I kind of want those stars to be my friend...
I kind of want those stars to be my friend...

#2- Super Mario Galaxy, Wii (2007)

Super Mario Galax can only be described as "pure fun." It doesn't matter how old you are, this game provides a childlike delight I have yet to see duplicated in any game in recent memory. The story is just like you remember: Bowser has kidnapped the princess, and the little fat dude has to go and save her.

The game is just perfect. Whimsical stages with perfect design make every level, every task an utter joy to play. Orchestral music creates new classics that sit alongside the old Mario classics that have become part oft he video game canon. Little throwbacks to fans of years past like the return of the Koopa Airforce keep the smiles coming.

Defying gravity, Mario (and if you're real good, his brother Luigi) run up walls and around the dangerous curves of planetoids. One wrong step and you could end up cast off into the cold darkness of space. Like the NES classics before it, the jumps and turns are always difficult, but if you make a mistake you always know it's because you weren't playing well enough not because the game is being unfair. Always just hard enough to keep the game fun, Super Mario Galaxy is a testament to good design.
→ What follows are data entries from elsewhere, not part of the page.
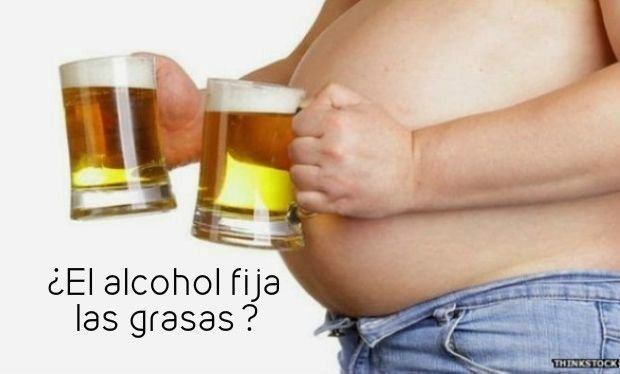 el alcohol fija las grasas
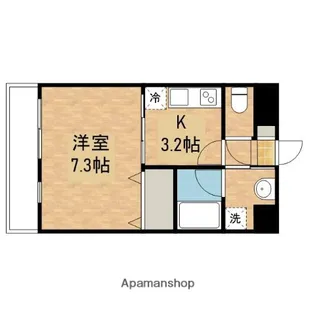 グレイス多摩川壱番館【2階】の間取り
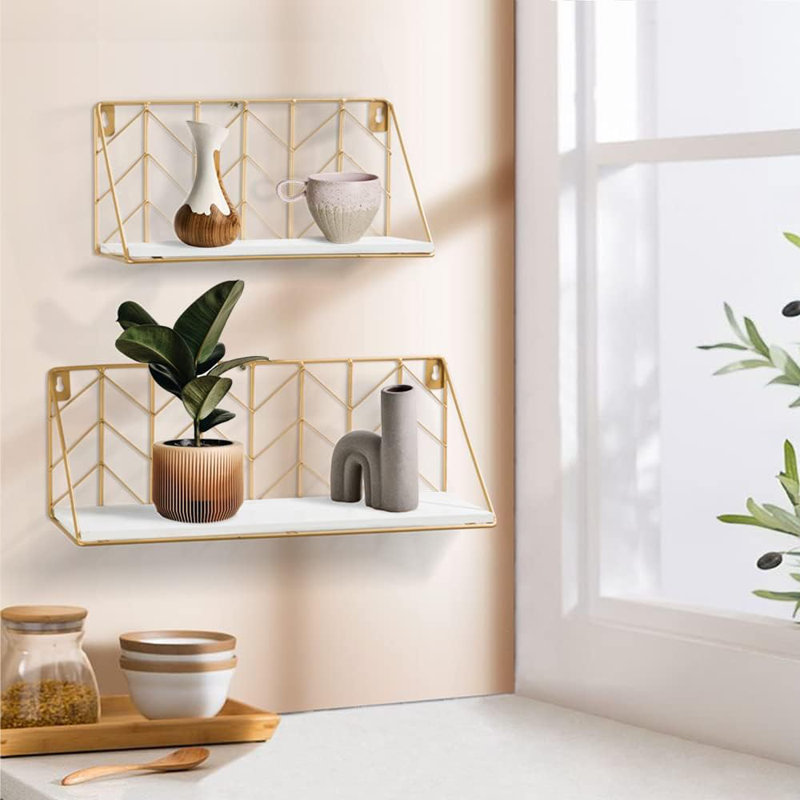 Aldin 2 Piece Bracket Shelf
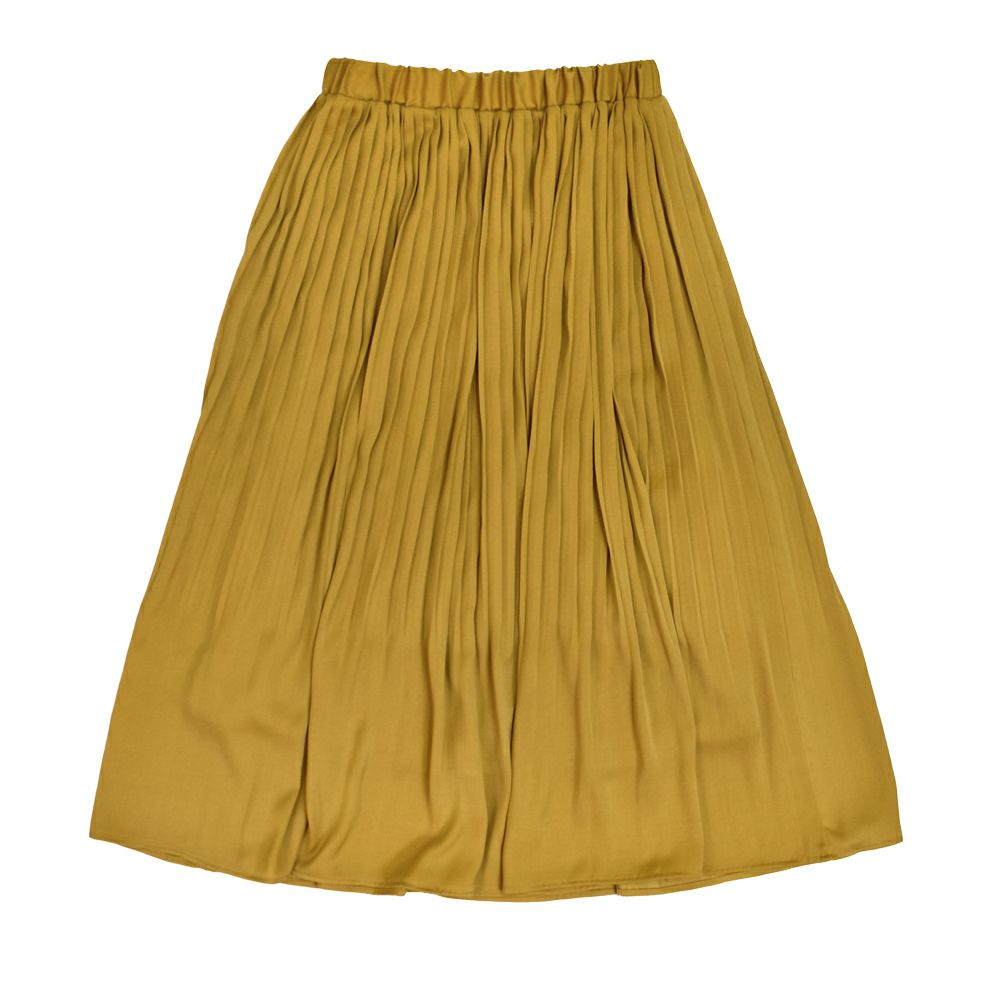 ソソット (sosotto) アンティークサテン消しプリーツスカート ロングスカート 裏付き ウエスト総ゴム オケージョン 42452117  44.マスタード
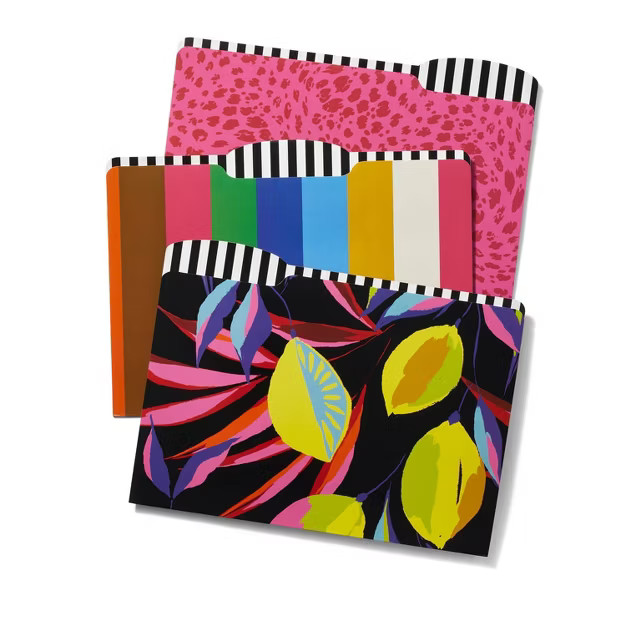 6pk Set Lemon File Folders - Tabitha Brown for Target | Target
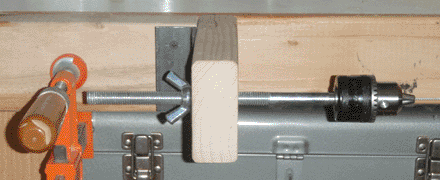 Tension mechanism for wire wrapping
It seems like everyone in America has a Nintendo Wii. If that's true, than everyone in America should own Super Mario Galaxy, a true masterpiece that may well be the happiest game ever made.

Through the looking glass..
Through the looking glass..

#1 - Portal, PC/360/PS3 (2007)

Portal was a game changer. This lean, mean, four hour long game showed that you didn't have to artificially inflate video game lengths by requiring backtracking or annoying side quests. All you need is a good game you can sit down and play and it will sell itself.
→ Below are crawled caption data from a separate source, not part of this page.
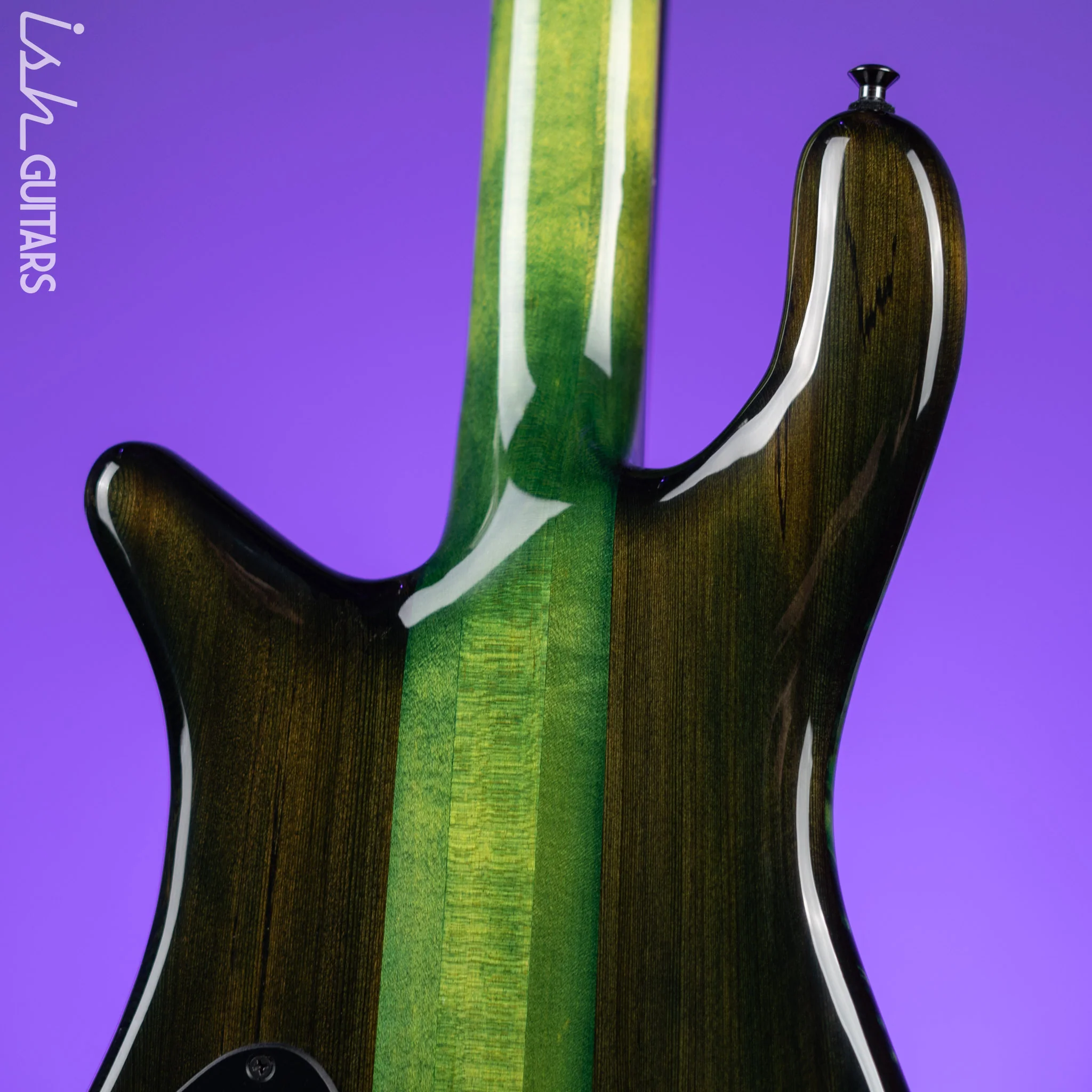 2017 Spector USA NS-4 Custom Algae Green Helium Redwood - Image 10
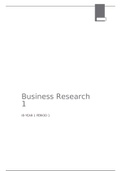 Business Research 1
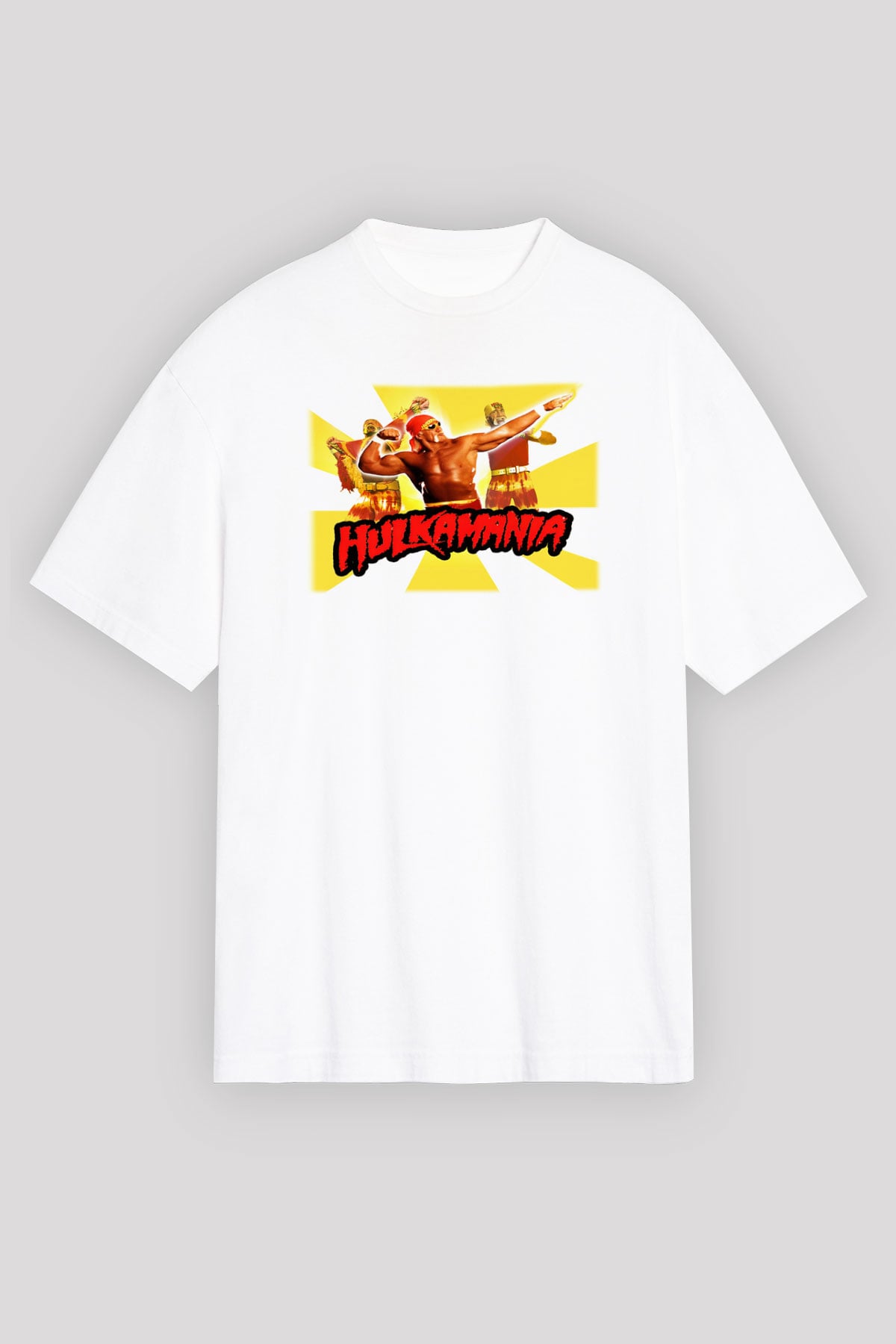 Hulk Hogan Beyaz Unisex Oversize Tişört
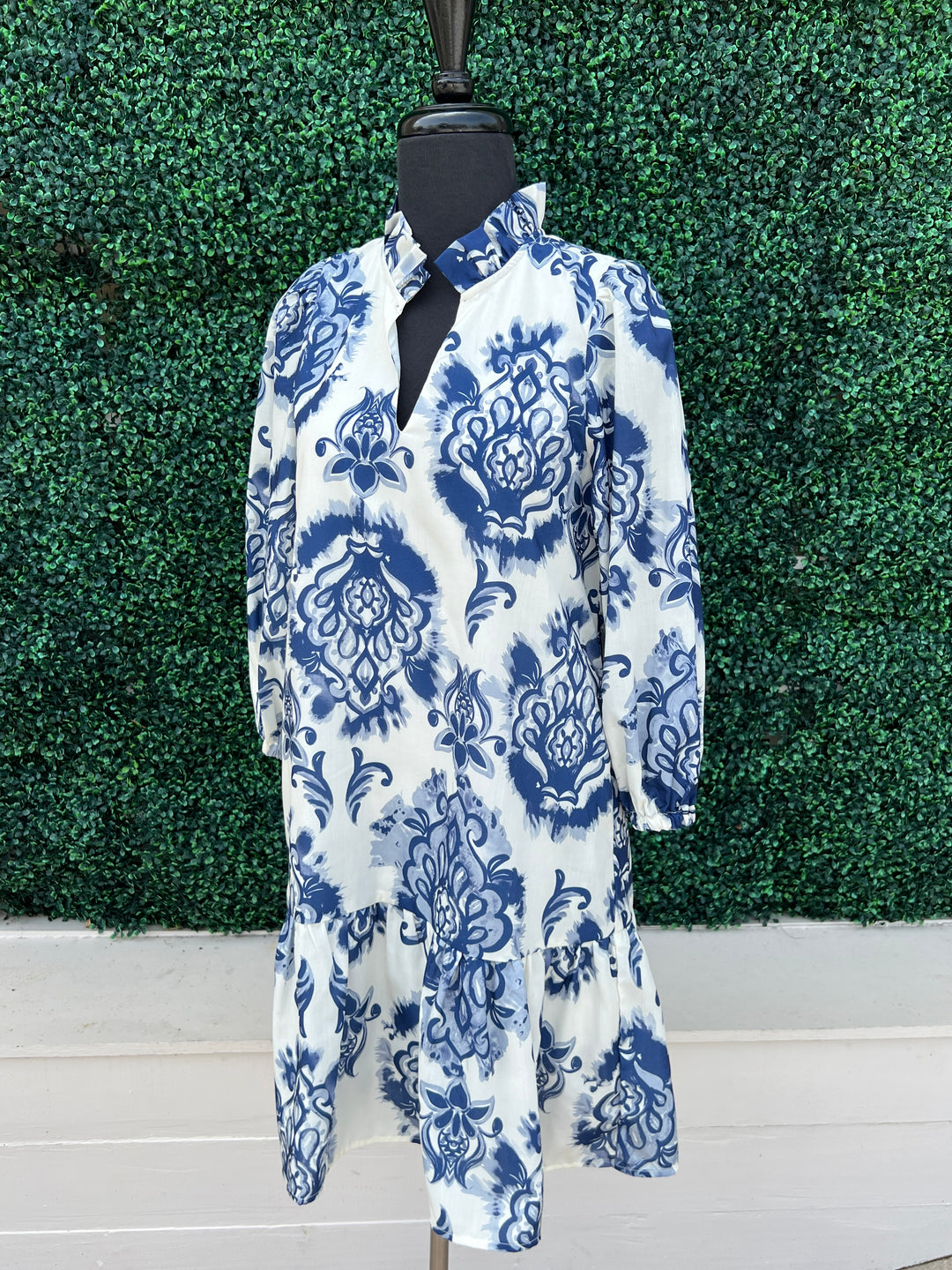 Toile Pattern Joy Joy Brand Cotton Dress at tres chic boutique online dress shop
Billed under Team Fortress 2 and HL2: Episode 2, Portal was the sleeper hit of 2007. The game provided graphics AND abilities never before seen in video games. Featuring innovative technology, the game gave you a gun that could put two portals on any flat surface in the room and use them to instantly transport yourself form one to the other. This could quickly become a roller coaster as you go from the wall to the ceiling to the floor and then out through the wall again in a dizzying display physics.

Taking these innovations, the designers of Portal crafted an ultra-tight puzzle game, forcing you to use your portals to perform increasingly complex tasks. Requiring both an agile mind and quick reflexes, Portal is the best mind-bender to ever reach mass markets. You have to use the power of momentum to build up huge jumps, geometry to angle yourself into areas you normally wouldn't be able to get to, and quick reflexes to avoid the traps and pitfalls of the test chambers you've been dumped into without an explanation.
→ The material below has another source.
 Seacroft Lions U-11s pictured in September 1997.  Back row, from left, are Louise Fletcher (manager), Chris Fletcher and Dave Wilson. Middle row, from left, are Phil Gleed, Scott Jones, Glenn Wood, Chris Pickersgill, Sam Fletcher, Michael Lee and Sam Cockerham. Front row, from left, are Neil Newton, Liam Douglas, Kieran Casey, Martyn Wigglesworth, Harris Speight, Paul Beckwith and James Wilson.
Your escape from these test chambers provides the aspect of Portal that elevates it to the best game in the past ten years: the story. Your only companion is the disembodied voice of a computer program/tester named GlaDOS who continues to urge you onwards. As the game progresses, you learn not all is as it seems with your AI narrator, and as her programming breaks down the story perfectly blends the comedy and horror. A true work of art, Portal is just as unique when it comes to narrative as it is with gameplay.

A true original, this one of a kind game will inspire imitators, but none will match it. In twenty-five years, people will be talking about how Portal changed the gaming forever. They'll be right.

*NOTE* This game was released alongside two other entries on this list Team Fortress 2 and Half Life 2 (along with two other Half Life games and a great TF2 modded demo of the casual hit Peggle). If you haven't picked this up, it's a great opportunity to play some amazing games for cheap.

Portal has to be seen to be believed

Honorable Mentions: Some games that just missed the list

  • Grand Theft Auto 4 - Great, but narrowly missed the high bar.
  • Halo 2 - The best multiplayer game on consoles. It just doesn't hold up to the PC FPS though.
  • Puzzle Quest- Casual gaming at its best.
  • Bioshock- Great, but not enough of a game changer.